Globale Konzernverantwortung und die Schweiz: Neuste Entwicklungen

Ende 2021 stellte FIAN Schweiz ein Zugangsgesuch zu amtlichen Dokumenten, um zu erfahren, wieso der Bundesrat kein Verhandlungsmandat für die Mitarbeit am UN-Abkommen zu Transnationalen Konzernen und Menschenrechten erteilt hatte. Die erhaltenen Dokumente führten zu brisanten Erkenntnissen:

  • Die relevanten Stellen der Bundesverwaltung aus drei Departementen (EDA, WBF, EJPD) bereiteten im Herbst 2021 tatsächlich die Einholung eines Verhandlungsmandats beim Bundesrat vor. Doch die Übermittlung des Antrags an Bundesrat Ignazio Cassis wurde von höchster Stelle – dem stellvertretenden Generalsekretär und der Staatssekretärin des EDA – gestoppt.
  • Das Generalsekretariat ordnete stattdessen an, dass die Schweiz «die gleiche Strategie wie die anderen westlichen Staaten verfolgen soll, d.h. sie soll die Diskussionen wie bislang weiterverfolgen, ohne sich formell im Verhandlungsprozess einzubringen».

Die im Mandatsantrag formulierte inhaltliche Position der Schweiz lässt sich folgendermassen zusammenfassen:

  • Bevorzugung nicht-verbindlicher Instrumente anstelle des Abkommens
  • inhaltliche Beurteilung des Abkommensentwurfs: Viele rechtliche Elemente bleiben unklar, sind umstritten und würden der Schweizerischen Rechtsordnung widersprechen
  • Schwerpunkte für die Verhandlungen: Sicherstellung der Übereinstimmung mit den UN-Leitprinzipien und den OECD-Instrumenten, Sicherstellung der Widerspruchsfreiheit zum Schweizerischen Recht, Vermeidung von Haftung, Vertretung der Interessen der Schweiz

Das verordnete Vorgehen – gleiche Strategie wie die anderen westlichen Staaten verfolgen, weiterhin nur als Beobachterin teilnehmen – ist erschreckend mutlos und unengagiert. Die Schweiz orientiert sich nicht an ihren völkerrechtlichen Verpflichtungen, sondern an politischer Bequemlichkeit. Die inhaltliche Position wirkt obsolet, thematisch beschränkt und wirtschaftsfreundlich statt völkerrechtsorientiert. Es fällt kein Wort zu den Interessen der von Menschenrechtsbeeinträchtigungen Betroffenen, bloss die «Interessen unseres Landes» zählen.

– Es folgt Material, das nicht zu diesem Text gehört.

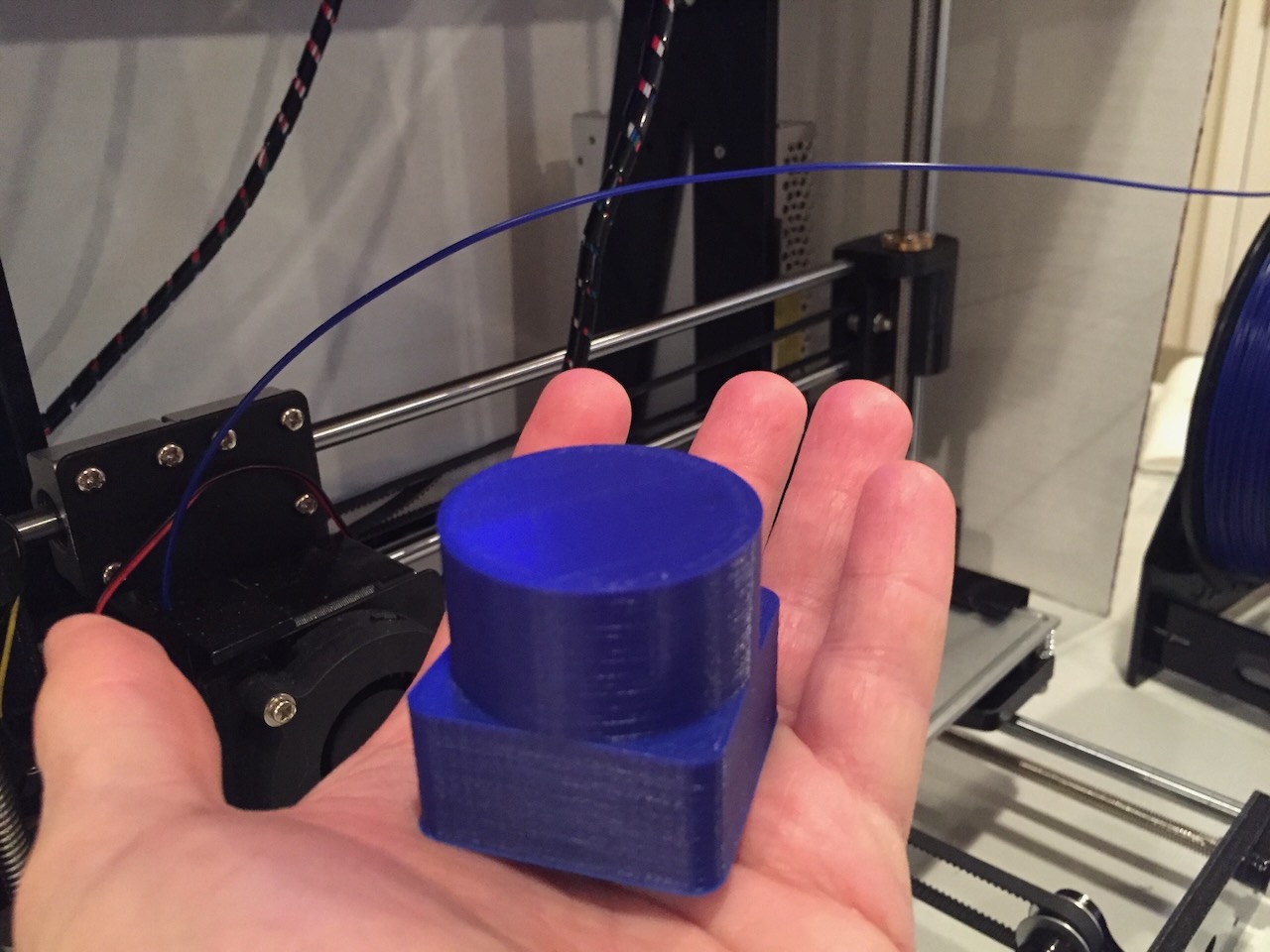 a hand holding a very simple 3D print (a cylinder on a cube) in the background is a 3D printer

Mitte März veröffentlichte die von FIAN Schweiz mitkoordinierte Arbeitsgruppe Transnationale Konzerne und Menschenrechte das aktualisierte Grundsatzpapier «Die Zeit für globale verbindliche Konzernverantwortung ist gekommen. Der nationale und internationale Rahmen, der UN-Treaty und das weitere Vorgehen für die Schweiz». Die Aktualisierungen betrafen insbesondere die 7. Verhandlungssession, den gescheiterten Mandatsantrag der Bundesverwaltung und die Publikation des EU-Richtlinienentwurfs zu nachhaltiger Unternehmensführung.

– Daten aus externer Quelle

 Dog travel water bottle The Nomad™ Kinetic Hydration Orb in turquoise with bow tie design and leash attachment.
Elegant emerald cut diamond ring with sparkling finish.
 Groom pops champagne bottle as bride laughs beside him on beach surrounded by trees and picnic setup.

Ende März hielt die Arbeitsgruppe Transnationale Konzerne und Menschenrechte einen Austausch mit Parlamentarier:innen zur Unterstützung des Abkommens im Parlament ab.

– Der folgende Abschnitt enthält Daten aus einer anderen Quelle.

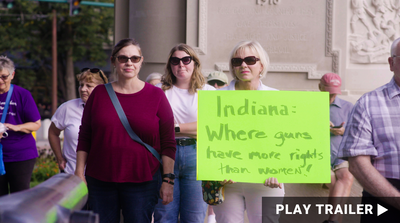 Trailer for documentary “Under G-d" directed by Paula Eiselt. A group of women, with one woman holding up a protest sign. https://vimeo.com/1001392981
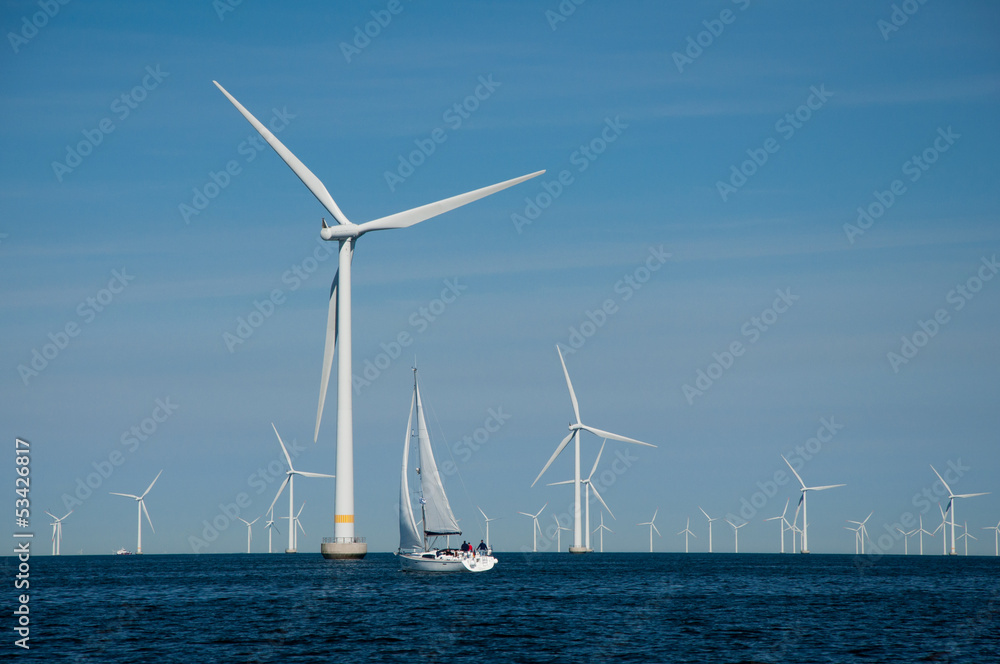 Fototapeta premium Offshore wind farm + yacht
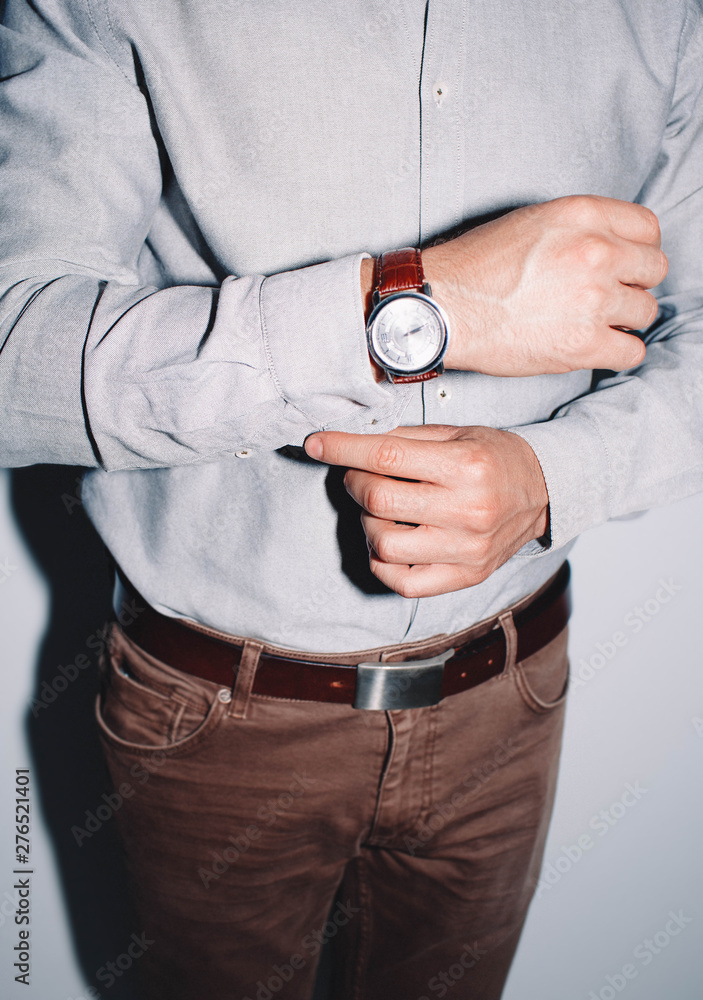closeup fashion image of luxury watch on wrist of man.body detail of a business man.Man's hand in a checkered with cufflinks in jacket pocket closeup. Tonal correction closeup fashion image of luxury watch on wrist of man.body detail of a business man.Man's hand in a checkered with cufflinks in jacket pocket closeup. Tonal correction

Am 5. April befasste sich die Aussenpolitische Kommission des Nationalrats vertieft mit dem entstehenden Abkommen und führte Expertenanhörungen durch. Im Austausch mit Vertreter:innen der Wissenschaft, der Wirtschaft und der Verwaltung diskutierte die Kommission insbesondere den Stand der Arbeiten, die Rolle der Schweiz sowie die potenziellen Auswirkungen des Abkommens auf die Wirtschaft (s. Medienmitteilung). Unverständlicherweise wurde kein:e Vertreter:in der Zivilgesellschaft zur Anhörung eingeladen. Ein gemeinsam vorbereiteter Brief der Kommission an den Bundesrat zur Erteilung eines Verhandlungsmandats wurde mit Stichentscheid des Präsidenten leider abgelehnt.